Likewise Military Flag Officers have staffs which monitor Social Media (FB,IG,TW, etc) so this got near-instant recognition. Politics also plays a part at the 4-star level. CSAF has a FB account and has a running gag bet with the MAJCOM/CC's over who has more followers/friends. Which means he had visibility pretty fucking fast.
I imagine the call from him to the ANG Director was pretty pointed (and he isn't a grumpy old man).
Anyone familiar with the Guard knows that Hq generally avoids getting into State Business, so so the Director of ANG Readiness Center (aka Hq ANG) putting a public statement out was huge (or yuge if your a Trump fan). Again, I am not privy to 2-3 star politics, but the TN AG may be politicking for something and this jeopardized it (which would explain why such a public flogging occurred).
The Col has a track record of not raising his hand when administering oaths, and for all I know the cover story was quickly proven to be just that. Lying gets you canned quickly.
I don't feel sorry for any of them. They used politics to get full-time jobs at the state, and politics can be a two-edged knife into your back one afternoon.
Derka, derka.
 
I know the TN state Command Chief. His son is a JTAC I have worked with. This happened like 3 days after he took the job. Lol. He found out when the NGB Command Chief called him about it.
 
I know the TN state Command Chief. His son is a JTAC I have worked with. This happened like 3 days after he took the job. Lol. He found out when the NGB Command Chief called him about it.

That must have been a fun phone call.
Is the ANG Command Chief still the CCT dude?
 
Early in my career, I got asked to do a lot of re-enlistments. I was an XO at the schoolhouse, and when they need an officer to make a re-up official, I often got the call. After about the second time doing it, I got embarrassed about having to read it off of a cheat sheet and I memorized it. I'll never forget the first time an NCO I didn't even know thanked me for caring enough to memorize the Oath of Enlistment.

I make all of my students memorize the Officer Oath and Oath of Enlistment. I pick two students at random every lesson and they have to recite one or the other in front of their classmates. By now, all of them can do it pretty well. That's good, because we never change the way we do class just because we have guests, and no one wants to get embarrassed in front of a flag officer or ambassador or member of congress or just a group of random college students. I think it's part of the base-level professionalism that can be reasonably required of young officers to memorize these two and the NCO Creed... but I tell them that memorizing the NCO Creed can wait until their basic course. I take our Army's oaths seriously. I've been in 23 years and commissioned, promoted, or re-enlisted more people than I can count.
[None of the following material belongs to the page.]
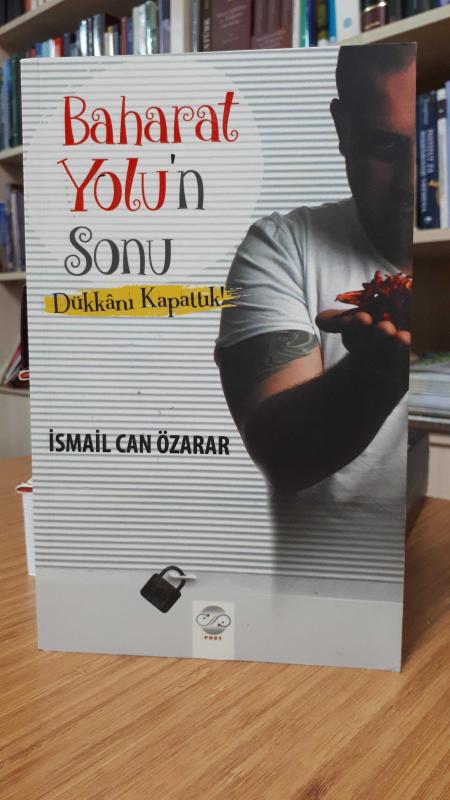 Baharat Yolu'n Sonu Dükkanı Kapattık!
All of that notwithstanding, I think what happened in this case is a gross over-reaction, unless there is a whole lot more to this story.
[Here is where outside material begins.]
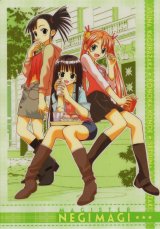 BUY NEW mahou sensei negima - 62828 Premium Anime Print Poster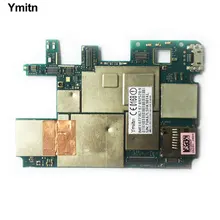 Ymitn корпус мобильная электронная панель материнская плата цепи кабель для sony xperia T2 Ultra XM50h XM50t D5303 D5322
That re-enlistment was silly and unprofessional, but I don't think it should be career-ending. I think an appropriate reaction from the two-star would have been retraining. "I'm coming down there on Friday and you clowns better be able to do this re-enlistment right." Then follow it up with some type of project that includes research on the oaths and a training video, and finally a case study on the situation, written by the people involved. MAYBE a GOMOR. But this "off with their heads" business is too much. I"m thinking about all of the silly stuff I've seen--and done--in uniform and while I wouldn't want to be in a unit where an officer has to read the Oath verbatim like he's never seen it before and doesn't even know to raise his right hand while he does it, I don't think I'd want to be in a unit where the punishment for this IMO minor level of jackassery is the professional equivalent of the death penalty.
 
There are some things that should still be considered honored tradition and and worthy of ceremony. I've said before that living in Okinawa in the 90's was like simultaneously living thru the movies Animal House and Porky's. That said, when someone called, "Ten-hut!" and it was time to play Marine, we did.
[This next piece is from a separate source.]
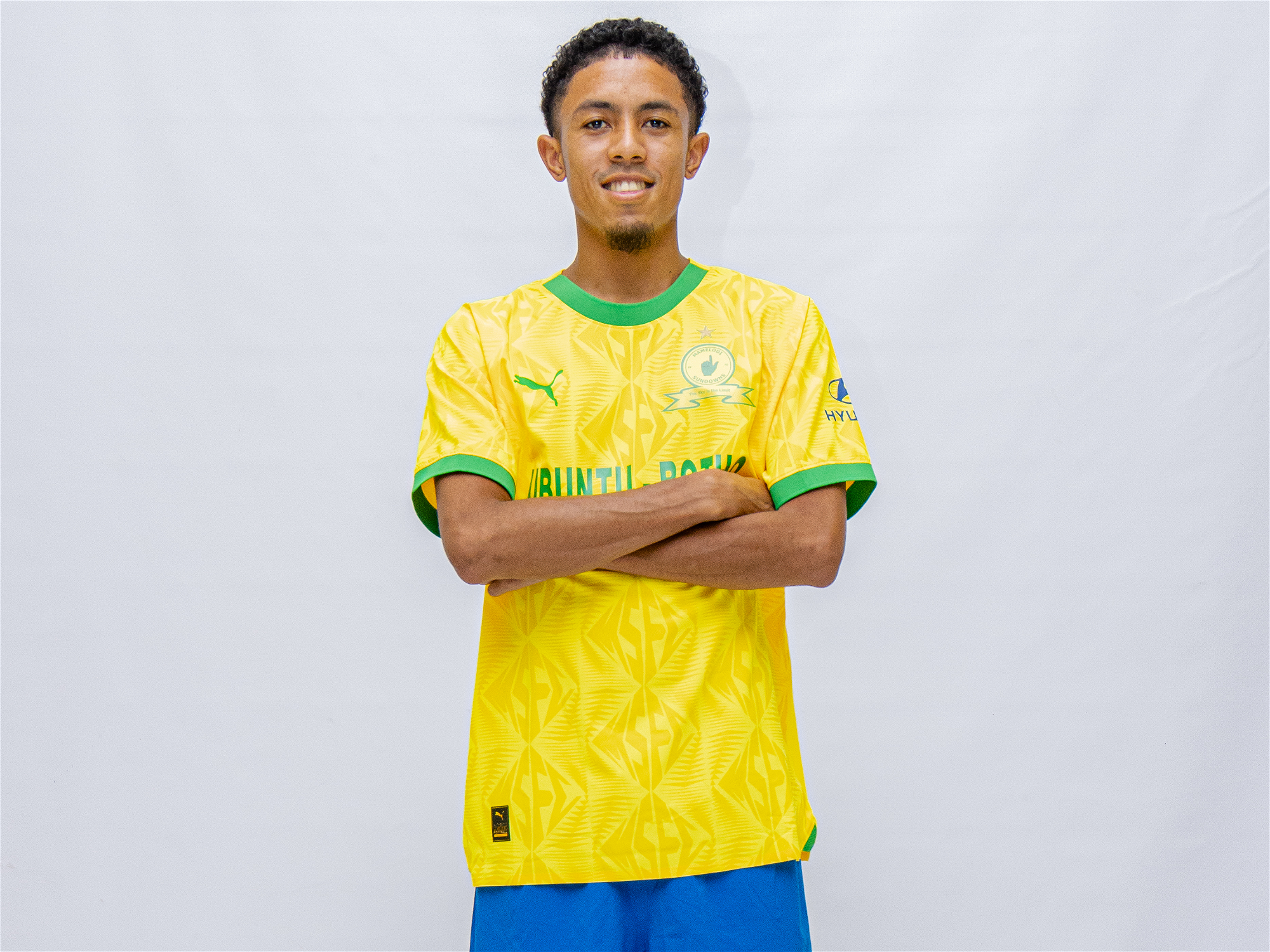 Tashreeq Matthews Outlines His Desire To Make His Name At Chloorkop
I cannot even conceive of a scenario where what happened in that video would be "good to go"; especially by an O6 and a First Sgt. In the video above, Nick Palmisciano says that the punishment these 3 received is the type of thing that keeps folks from wanting to re-enlist, or even bother enlisting in the first place. In my circle of friend and the buddies from the Corps I still keep in contact with, it is the idea that that "reenlistment ceremony" happened in the first place that keeps us shaking our heads about what is going on within the ranks today.

Personally I'm glad that a Lt. Gen got pissed off and embarrassed and rained shit down the trail. This has nothing with Vets shitting over other vets and costing 3 people their jobs, this is about Military Discipline and Bearing; as well as honoring the traditions of service.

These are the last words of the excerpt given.